Bitter Flowers, amer exil

Bitter Flowers, premier long métrage de fiction d’Olivier Meys, sort ce 28 mars en Belgique. Le film retrace le parcours chaotique, semé de désillusion, de courage et de solidarité d’une jeune femme chinoise qui s’exile à Paris pour chercher les moyens de faire mieux vivre sa famille, et qui va y trouver la misère, le mensonge et la prostitution.

Province du Dongbei, Chine. Lina vit avec son fils et son mari. Lui travaille, elle s’occupe du foyer. Il vivent tout juste correctement dans leurs cinquante mètres carrés, mais Lina rêve de mieux. La Chine est en pleine expansion économique, pourquoi celle-ci se ferait-elle sans eux? Seulement les perspectives de développement sur place sont minces, et Lina décide assez unilatéralement de s’expatrier seule en France, le temps de gagner de quoi ouvrir chez eux un petit restaurant. Il parait qu’à Paris, des familles chinoises recherchent des nounous originaires du Dongbei pour garder leurs enfants, et que la paye y est plutôt généreuse.

Lina vient à bout de la réticence de son époux, et réunit la somme nécessaire pour entreprendre ce voyage vers l’inconnu. Car arrivée à Paris, la solidarité tant espérée n’est pas exactement de mise. Elle enchaîne les déconvenues, accepte une place d’esclave moderne chez une famille qui l’exploite sans vergogne, et doit faire face à la déception de son mari qui lui rappelle qu’ils ont à peine de quoi rembourser les intérêts du prêt qu’ils ont contracté… Lina fuit cet enfer, pour se retrouver littéralement sur le trottoir. Acculée, elle n’a plus d’autre choix que de recourir à la prostitution pour rembourser ses dettes, et envisager de rentrer au pays sans renoncer à son rêve.

Bitter Flowers dépeint avec pudeur mais sans faux-semblant le quotidien de ces femmes soumises à des violences sexuelles, économiques et psychologiques, mais chez lesquelles la solidarité et la complicité prend souvent le dessus pour transcender la souffrance, et leur permettre de rêver à des jours meilleurs. C’est un film sur l’immigration, le mensonge, la nécessité de faire bonne figure face à ceux restés au pays, et l’engrenage infernal dans lequel certains et certaines finissent par perdre pied.

Lina peu à peu tente de refaire surface, et investit l’argent gagné d’une valeur symbolique forte, lui promettant un futur lumineux au bout du tunnel. Mais le piège se referme sur elle lorsqu’une jeune femme de sa province la contraint à l’aider à trouver un travail de nounou à Paris.
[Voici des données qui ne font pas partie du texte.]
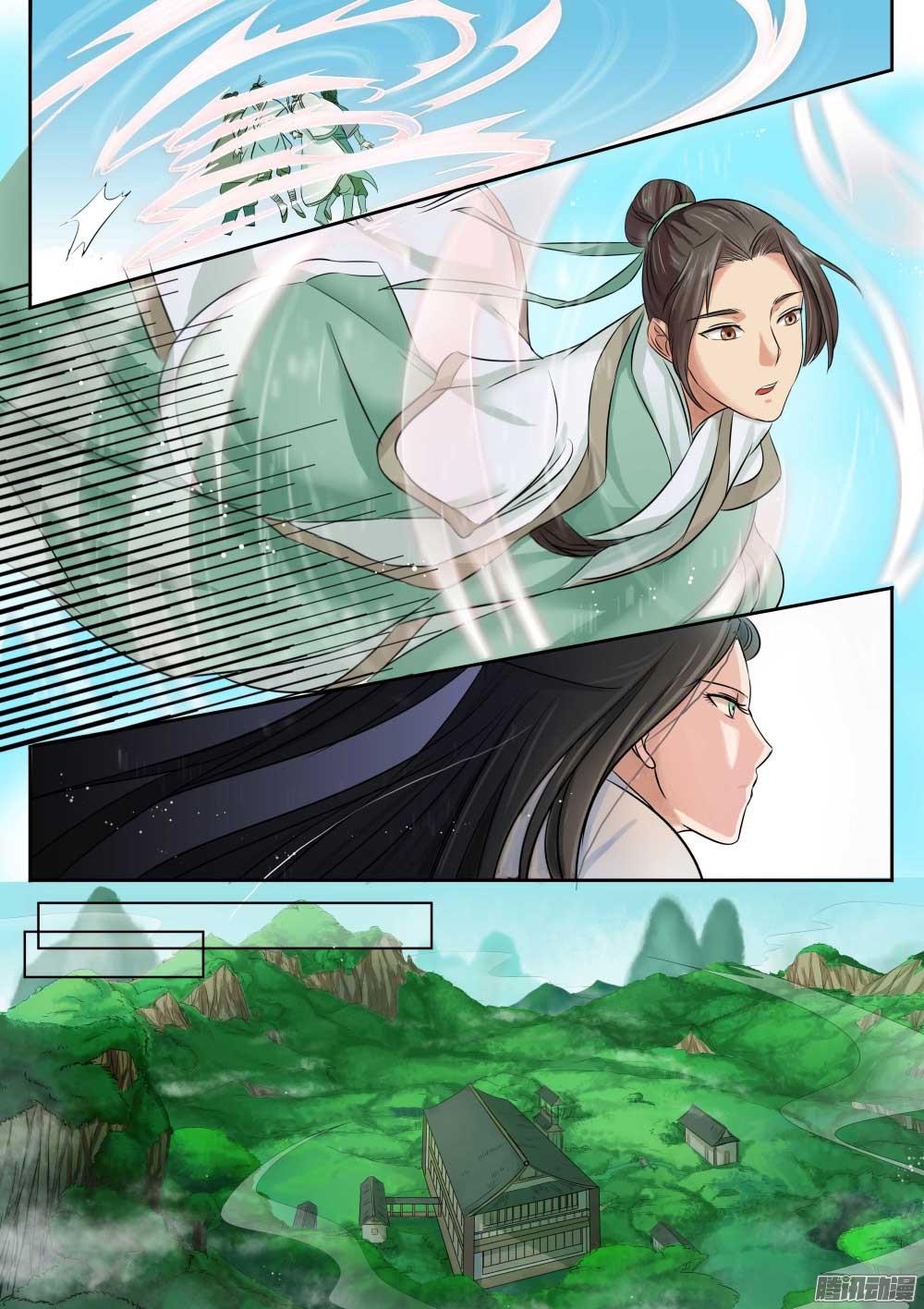 อ่านการ์ตูน I Shall Seal the Heavens 1 ภาพที่ 11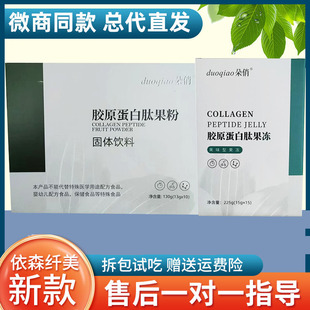 依森纤美朵俏伊森韵胶原蛋白肽酵素果粉果冻果饮原液贴微商同款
Le regard extérieur et tragiquement lucide de cette jeune femme sur sa situation sonne le glas de son échappée pas si belle. Pour sauver les apparences, Lina consent à rentrer en Chine, où elle va devoir reconstruire son couple et restaurer l’intimité. Car Bitter Flowers est aussi un film d’amour et de trahison, de confiance et de sacrifice.

Bitter Flowers est un film intime et bouleversant sur la lutte d’une héroïne sacrificielle qui a l’audace de vouloir réussir, et en paiera le prix fort. Servi par la caméra à l’épaule de Benoît Dervaux, et par la performance remarquable de son héroïne, Xi Qi, le film offre tout à la fois une histoire d’amours contrariées, un tableau pudique mais saisissant du milieu de la prostitution chinoise à Paris, et un portrait émouvant de la complicité qui unit ces femmes dignes envers et contre tout, notamment à travers l’amitié entre Lina et Li Yumei. Un film fort et subtil sur le poids de l’immigration économique, et les contradictions de la Chine contemporaine.

Bitter Flowers, sélectionné en octobre dernier au Festival International du Film de Pusan, et en janvier au Ramdam de Tournai, sort ce 28 mars à Bruxelles et en Wallonie, et le 9 mai prochain en Flandre. Le film est produit par Tarantula, et distribué par Cinéart.